Local lawyers have dismissed as false a recent claim by Vice President Phelekezela Mphoko that cabinet ministers could only be arrested with the blessings of the president.
Mphoko, who has courted citizens’ ire for overstaying in a Harare hotel and directly ordering the police to release executives arrested for fraud, made the remark in defence of Jonathan Moyo, the Higher and Tertiary Education minister wanted for fraud involving some $430,000.
The Zimbabwe Anti-Corruption Commission (ZACC) last Wednesday enlisted the help of the police in trying to arrest Moyo but President Robert Mugabe ordered them away.
Moyo and Mphoko are linked to a Zanu PF faction, Generation 40 (G40), which is accusing Vice President Emmerson Mnangagwa of being behind the minister’s attempted arrest.
Moyo, who has admitted to the alleged fraud but defended it saying he was doing it as a philanthropist, is being accused of conniving with top ministry officials and his assistant to defraud the Zimbabwe Manpower Development Fund (Zimdef) which falls under his portfolio.
Part of the swindled money was allegedly used to buy bicycles for members of his Tsholotsho constituency while some of it, he admitted, went to fund Zanu PF rallies.
Paul Mangwana, the Zanu PF deputy legal affairs secretary and former cabinet minister, said the constitution did not force the police or other law enforcers to first seek presidential permission when arresting ministers.
“The minister has no immunity because he is a citizen just like everybody else. There is no legal provision that ministers are immune to prosecution while they are in office. Reporting to the president about a minister’s impending arrest is just a political courtesy.
“The only person who enjoys immunity is the president. No one else enjoys that, even ministers while they are in office.People should not try to hide behind a finger by claiming that the (Zimbabwe) Anti-Corruption Commission has no mandate to investigate alleged corruption of ministers.
“ In fact, they are allowed by the constitution to investigate and report to the police who then use their discretion to determine whether indeed there is a prima facie case or not. If a minister commits a crime, ZACC has a constitutional right to investigate them,” said Mangwana who was instrumental in setting up the first ZACC.
Alex Magaisa, a law teacher at the University of Kent in the UK, insisted that ZACC must do its work without interference.
“The constitution does not give the president any powers over the functions of the Zimbabwe Anti-Corruption Commission apart from his role in the appointment process,” said Magaisa.
“The ZACC is an independent commission and does not operate under the direction of any other person, not even the president. The constitution provides that all persons are equal under the law. There is no provision that says ministers are subject to different rules from other citizens.

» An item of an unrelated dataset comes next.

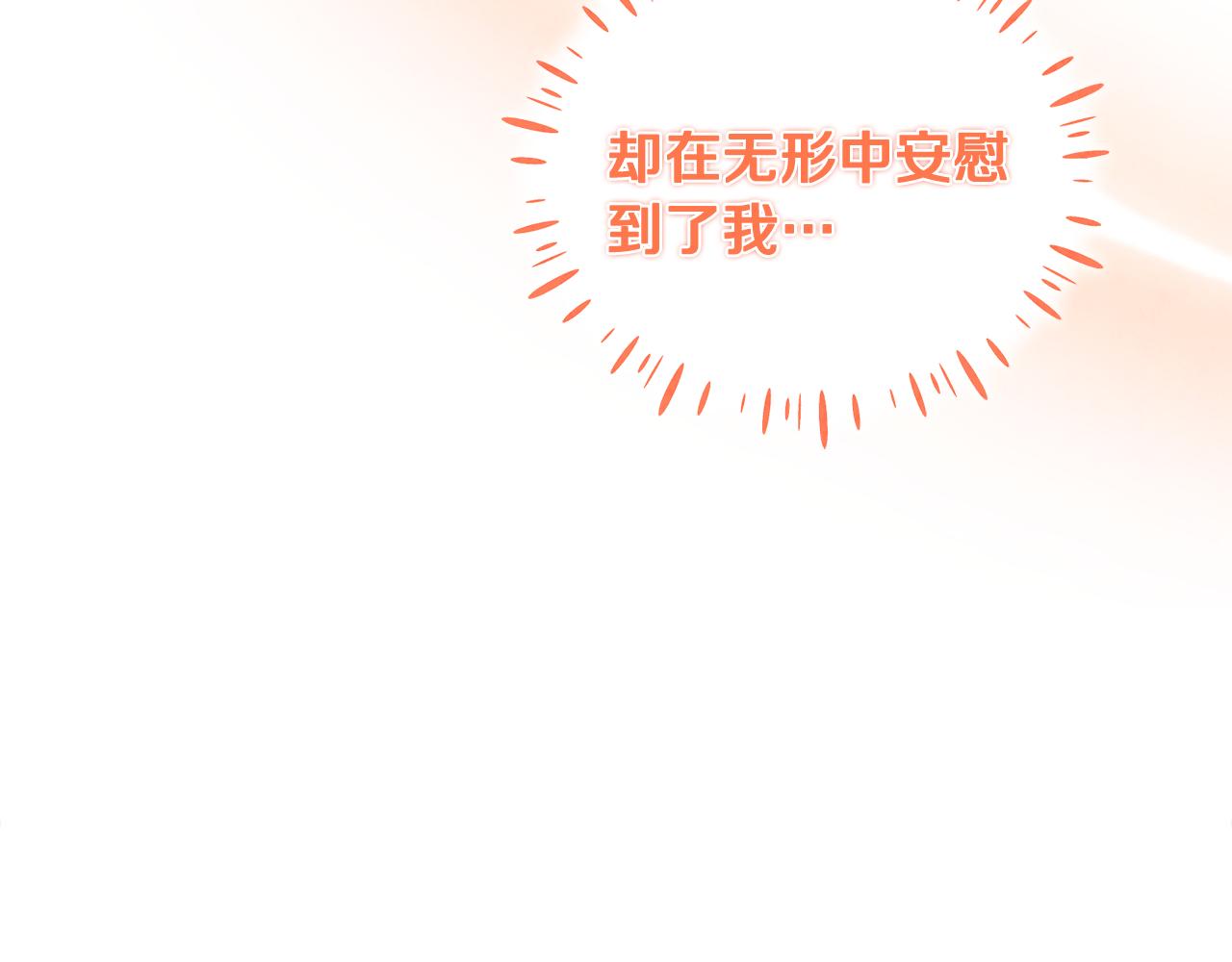 第86话 主动149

“If anything, as public officers in charge of public funds, ministers are expected to demonstrate higher levels of probity and accountability. The fact that ministers have been allowed to behave like little gods over the years does not mean the law protects them from arrest,” said Magaisa.
However, in order to ensure national stability, law enforcement agents could consult the president when they intend to arrest a minister, according to another lawyer, Tendai Toto.
“To me, it will be hazardous and disruptive to governmental functions to allow the free reign by police to arrest ministers upon receiving pieces of evidence suggesting reasonable suspicion of the commission of an offence. Police powers can be abused to settle political scores among other sinister objectives.
“The said policy must also not be abused and selectively applied. It must be applied in a transparent and accountable manner in tandem with the national objectives provided in the Chapter Two of the Constitution of Zimbabwe.
“The consultations will inform the police to arrest in accordance with any existing policy directives prescribed in terms of Section 221(4) of the Constitution. This is not to say that ministers are immune to criminal sanctions in accordance with the law. My view is that the Acting President made a pronouncement of Governmental policy that binds the executive functionaries including the law enforcement agents,” said Toto.
Some full and deputy ministers have been arrested over the years.
These include Christopher Kuruneri, the former Finance minister in Mugabe’s government who more than a decade was arrested for possessing a Canadian passport at a time Zimbabwe had banned dual citizenship.
Elton Mangoma, the former Energy minister under the 2009-2013 coalition government was also arrested on more than one occasion.